NEW PALEOMAGNETIC POLE FROM THE LATE CAMBRIAN NAHANT GABBRO, NAHANT, MASSACHUSETTS: IMPLICATIONS FOR DRIFT HISTORY OF THE SOUTHEASTERN NEW ENGLAND AVALON ZONE
The new pole reflects results from 7 sites (45 samples) located at Johns Peril on the north side of peninsular Nahant, and East Point and Great Ledge on the southeast. Five of six gabbro sites and one mafic dike site yielded stable remanent magnetizations that are westerly directed and steeply upward pointing (reversed). The felsite raft yielded a low temperature component similar to the enclosing gabbro, but of normal polarity.
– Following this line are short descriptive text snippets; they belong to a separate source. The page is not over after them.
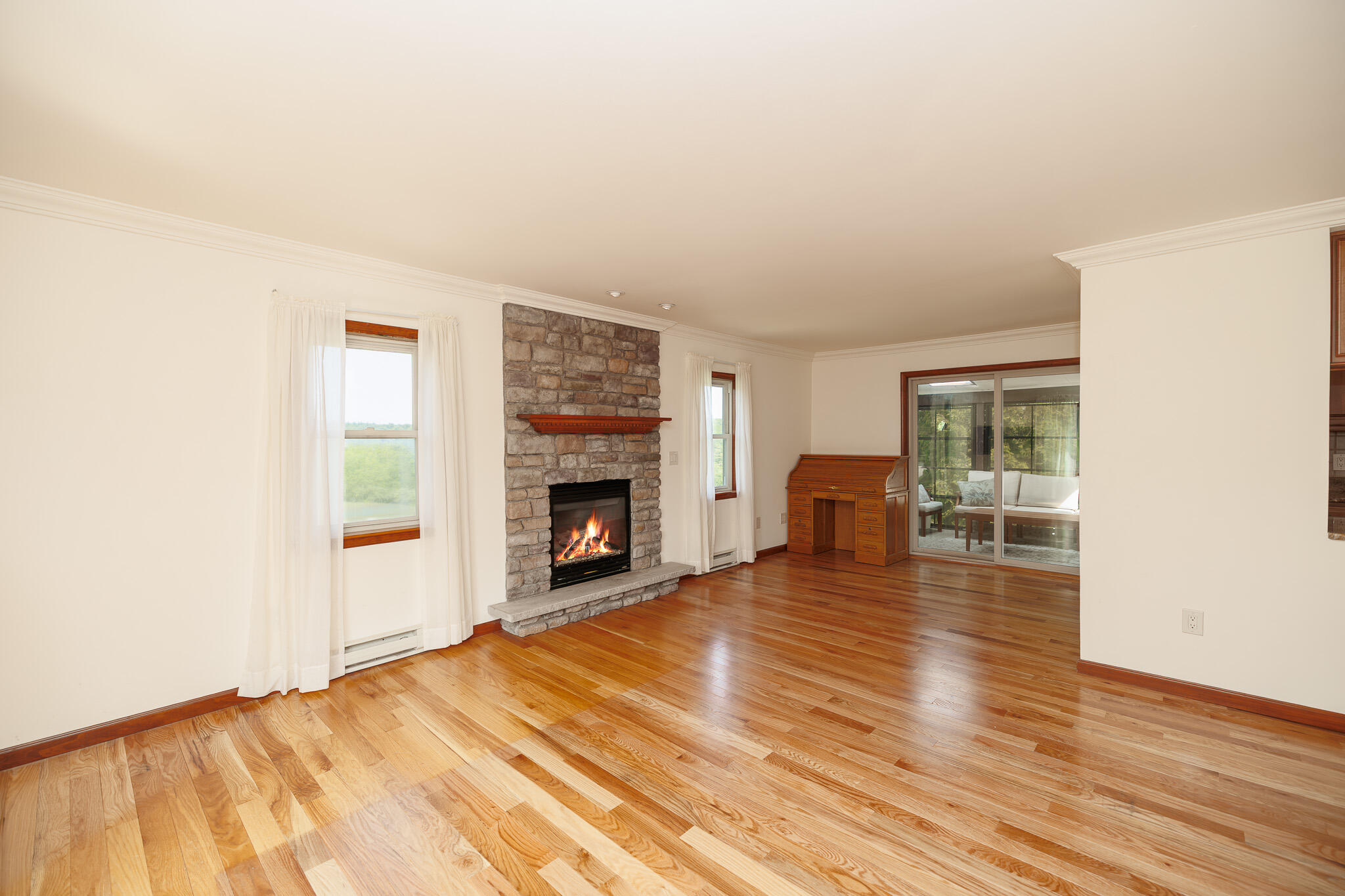 924 Hell Hollow Road Kunkletown, PA 18058 - Photo 31 of 60 a view of empty room with wooden floor and fireplace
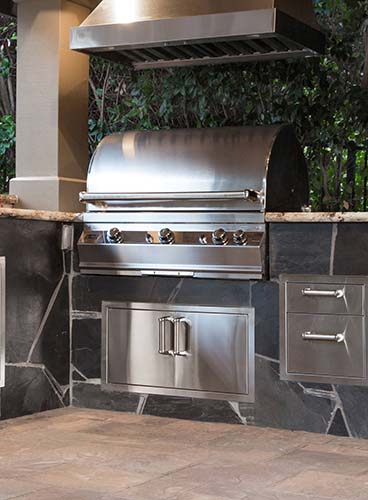 ourdoor kitchen grill embedded in gray stone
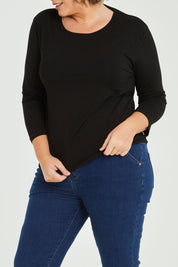 Model Fiona wearing size 16 of The Keepers 3/4 Sleeve Tee in colour Black (Black), from the front, cropped image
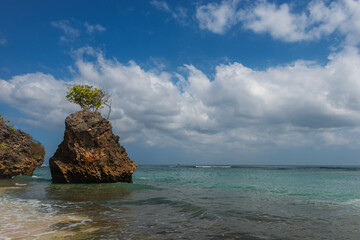 View of the sea from a tropical beach with an expressive sky. Beach in Bali, Indonesia - nature, recreation, background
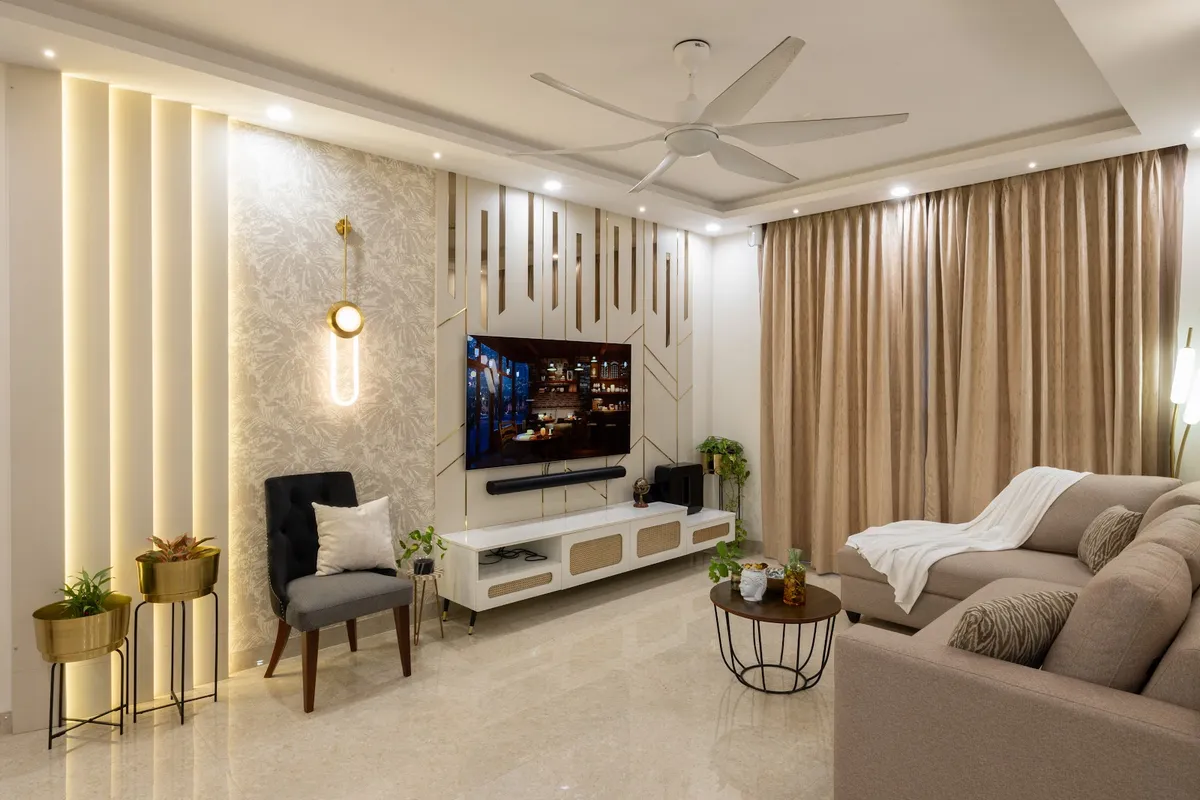Living room with a backlit fluted wall panel and floral wallpaper accent, a brass-trimmed TV console with rattan fronts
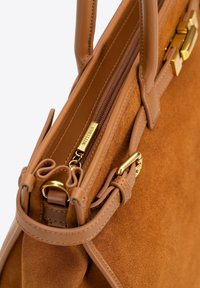 Brązowa torebka ze zamszu i skóry z złotymi elementami, z zamknięciem na zamek błyskawiczny i podwójnymi uchwytami. Gładka tekstura i wyraźny kształt.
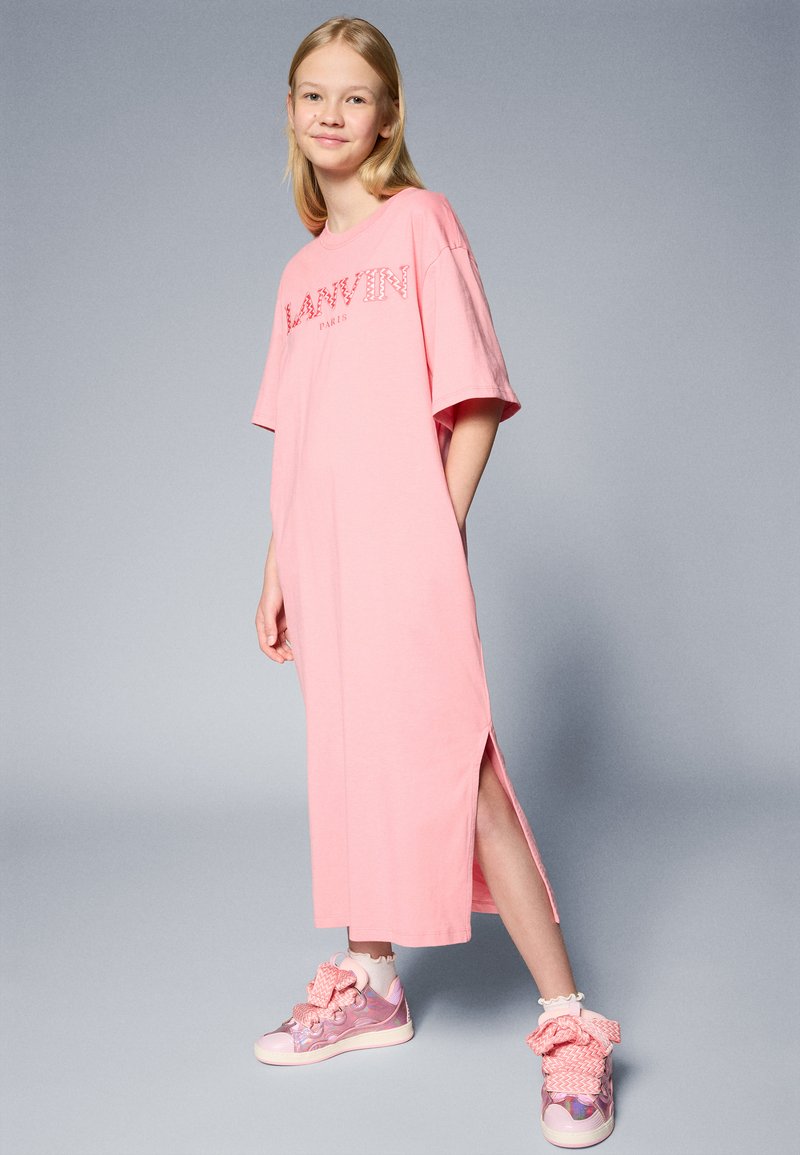 Vestido rosa oversize con mangas cortas, que presenta el nombre de la marca "LANVIN" en una tipografía decorativa; tiene aberturas laterales y se lleva con zapatillas adornadas.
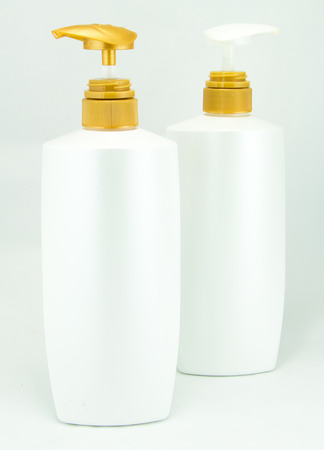 White plastic bottles for cosmetic creams, lotions, shampoo and gels with colored capsの写真素材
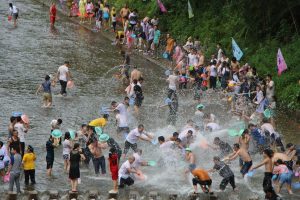 People are splashing water in thai water festival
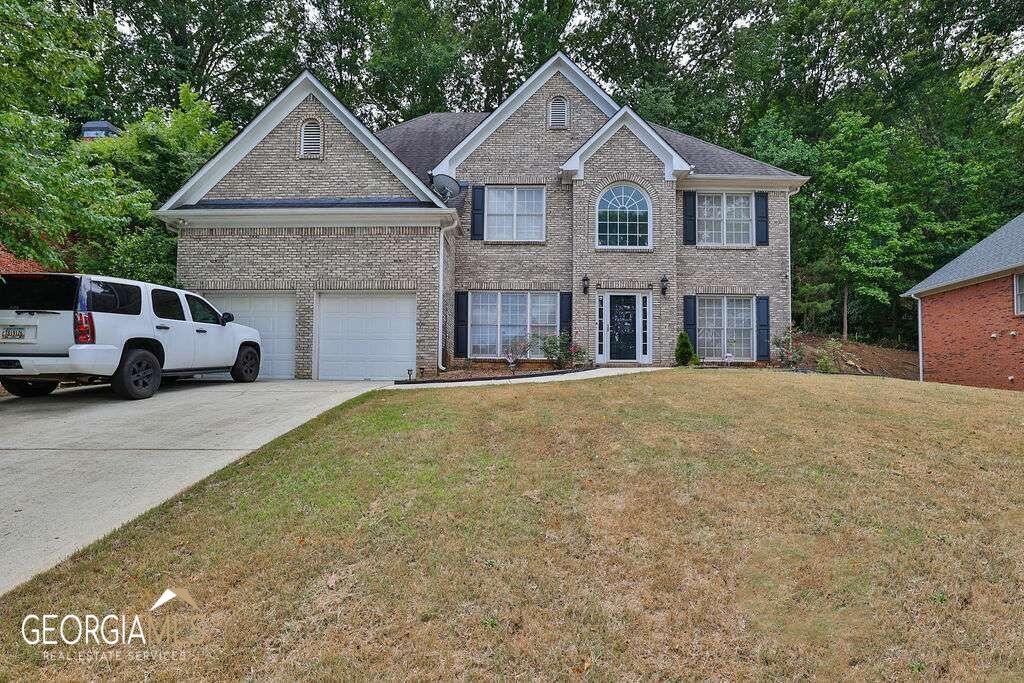 Welcome to the Summit at Huncrest! This stunning executive home boasts 5 bedrooms and 4 baths, offering ample space for your family's needs. As you step inside, you'll be greeted. by a grand 2-story foyer and a separate living room and dining room that provide ideal spaces for formal gatherings and entertaining guests. The heart of the home is in the spacious family room, complete with a cozy fireplace and an abundance of windows that flood the space with natural light. The attractive master suite is a true sanctuary with a master bath featuring a double vanity and his/her closets and a garden tub, perfect for relaxing after a long day. The Summit at Huntcrest is known for its great neighborhood feel. Imagine strolling along the sidewalks, enjoying the well-maintained surroundings, and engaging with neighbors. It's a community that offers both tranquility and a sense of belonging. Don't miss thIs rare opportunity to make this home your own. Schedule a showing today and start envisioning your life in this Lawrenceville gem. Top rated schools and walking distance to shopping.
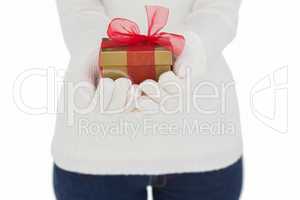 Woman in white gloves holding gift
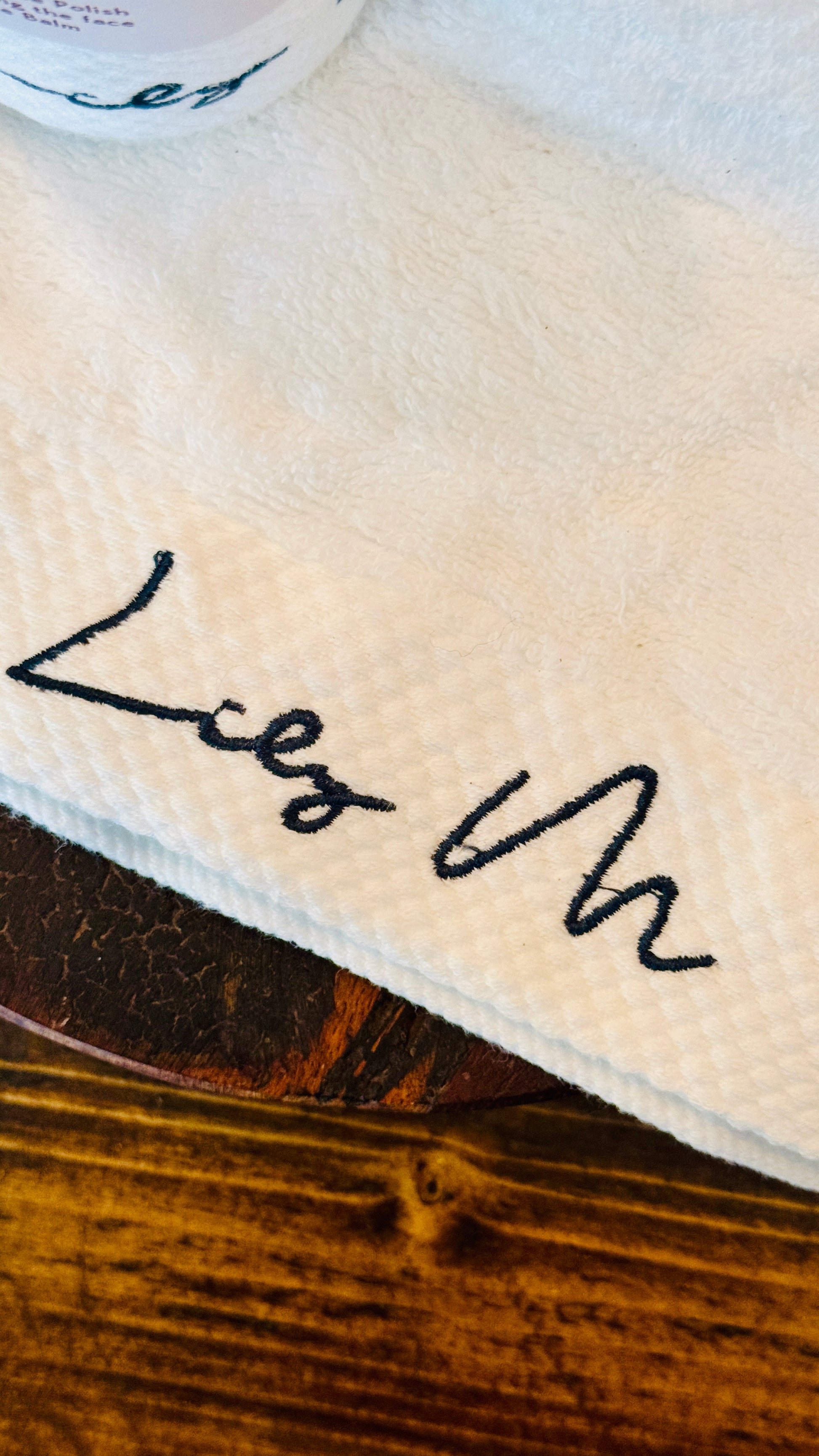 Close-up of the Lily M logo on the branded towel with dark green embroidery 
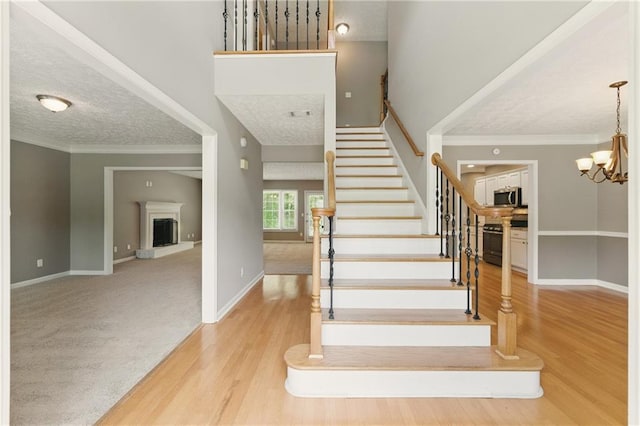 2154 Marne Gln NW, Kennesaw, GA 30152 - stairs with a fireplace with raised hearth, a textured ceiling, wood finished floors, baseboards, and crown molding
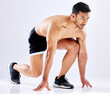 Asian man, start or runner in studio for exercise, fitness training or cardio workout on white background. Topless, set or athlete ready for sports performance, sprinting race or running competition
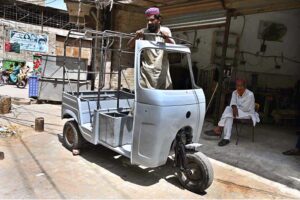 A worker preparing rickshaw body at his workplace Goods Naka Road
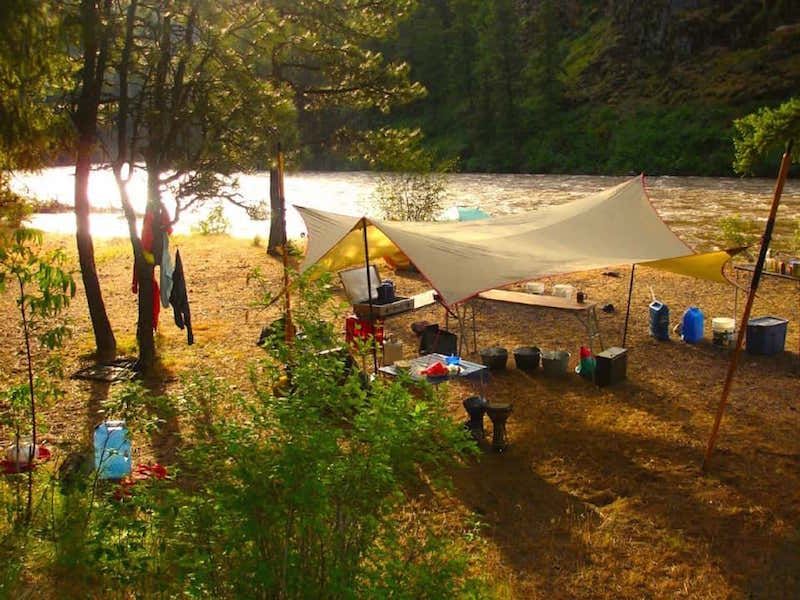 A Tent Set up in the Woods Near a River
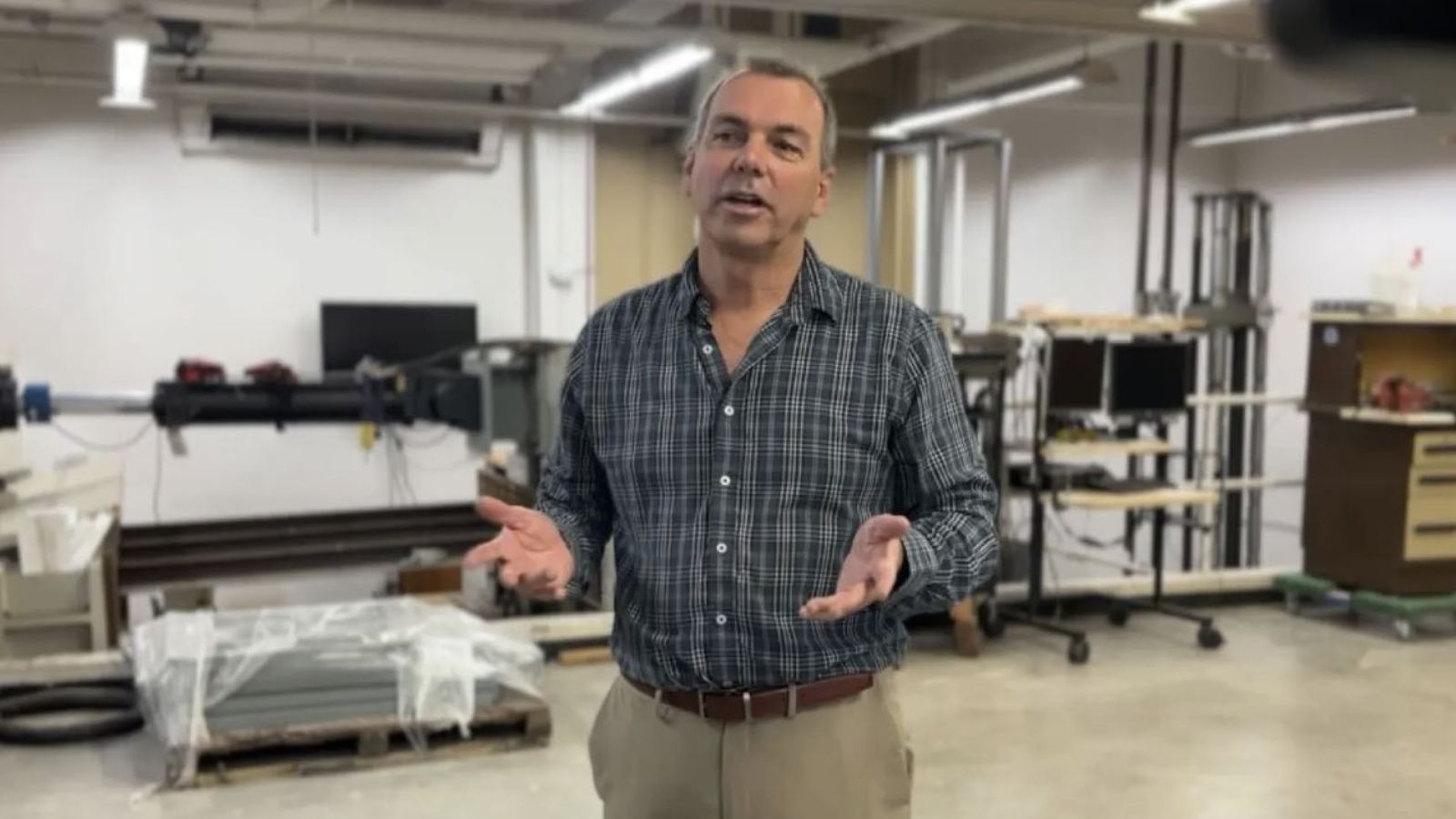 Engineering professor Robert Dowell speaks in San Diego State University's Structural Engineering Laboratory. May 12, 2023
We interpret this as a partial remagnetization of the felsite during emplacement of the gabbro. All of these directions have been corrected for open synclinal folding about an axis oriented N47E/3NE (based on structural control provided by the Weymouth Formation and a kinked zone in the gabbro itself), indicating that the observed magnetization pre-dates folding. The Nahant data are similar to tilt-corrected magnetic directions from tightly folded beds at one site in the Weymouth Formation south of Boston at Weymouth, MA The paleomagnetic pole from the Nahant Gabbro suggests that the Boston portion of the Southeastern New England Avalon Zone lay at high latitudes during Late Cambrian time, and was most likely located near the coast of northwest Africa. The alkalic, within-plate geochemical characteristics of the Nahant suite are interpreted in this paleogeographic context to reflect rifting of Avalon from Gondwana during the opening of the Rheic Ocean.
South directed, low inclinations measured in a NW trending diabase dike cutting the Nahant Gabbro at East Point resemble those obtained previously at Nantasket, MA for volcanic ash containing a 362 Ma zircon. All of these results match North American directions and suggest that the Southeastern New England Avalon Zone was part of North America by Late Devonian time.